Well, it had to end at some point. Figures of Japanese car sales released late last week saw the Toyota Prius being toppled from the monthly No 1 spot as Japan’s best-selling car, a position it had held for 20 straight months.
Its replacement? Honda’s Fit compact hatch, which climbed back on to the top spot for the first time in close to two years. The Fit – or Jazz as we know it – moved 14,873 units in January, with nearly half of them the hybrid version of the car, ahead of the 13,711 managed by the Prius.
The ending of government-backed subsidies for green cars in September last year undoubtedly played a key role in pushing the Prius off the top spot. Its domestic pricing starts at US$25,000. Comparatively, the Fit was affected less by this incentive removal – it’s the cheapest hybrid in Japan at US$19,000.
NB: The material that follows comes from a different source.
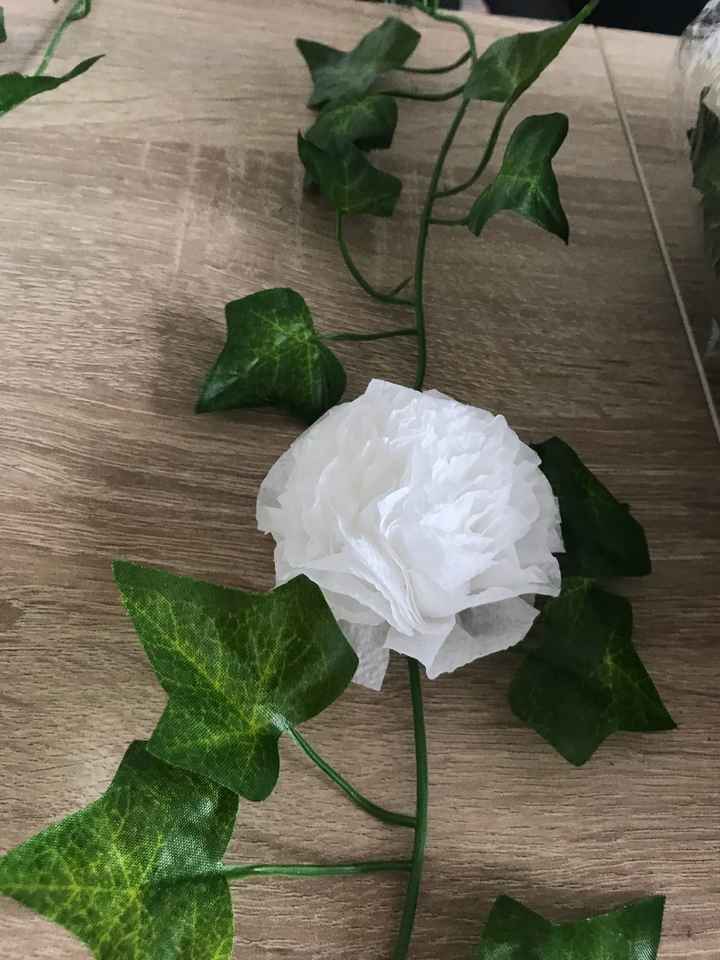 Plafond végétal - 2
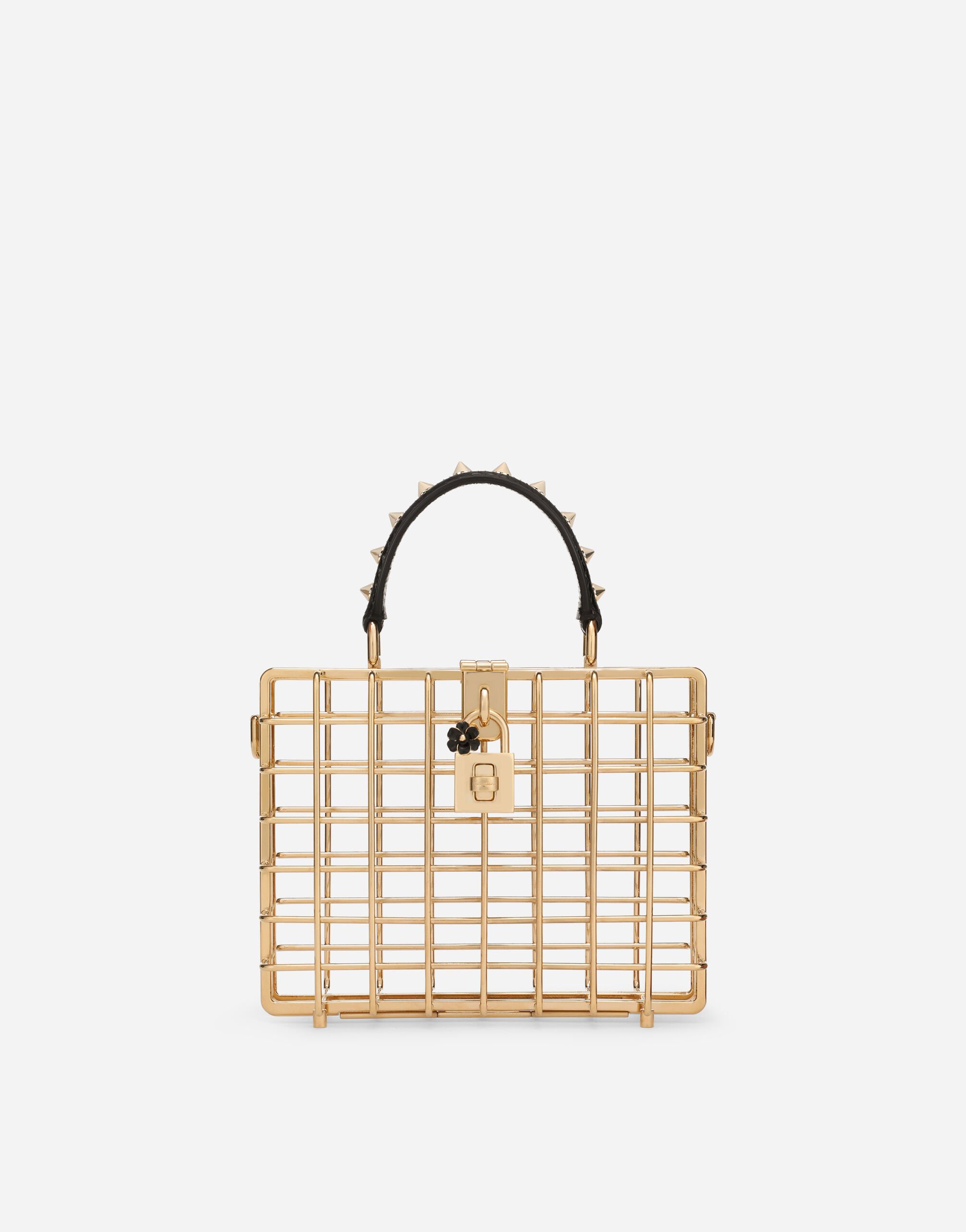 Dolce and sales gabbana clear bag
Still, the Prius remains the world’s top-selling hybrid, and domestically, Toyota moved 315,669 of it in 2010, a jump of 51% from the year before.






It’s sweet vindication for Toyota after the U.S. Department of Transportation said that electric systems and electromagnetic interference played no role in unintended acceleration cases. Reports of runaway cars and the subsequent persecution led the Japanese giant to recall 11 million vehicles worldwide, including nearly 8 million in the US since 2009.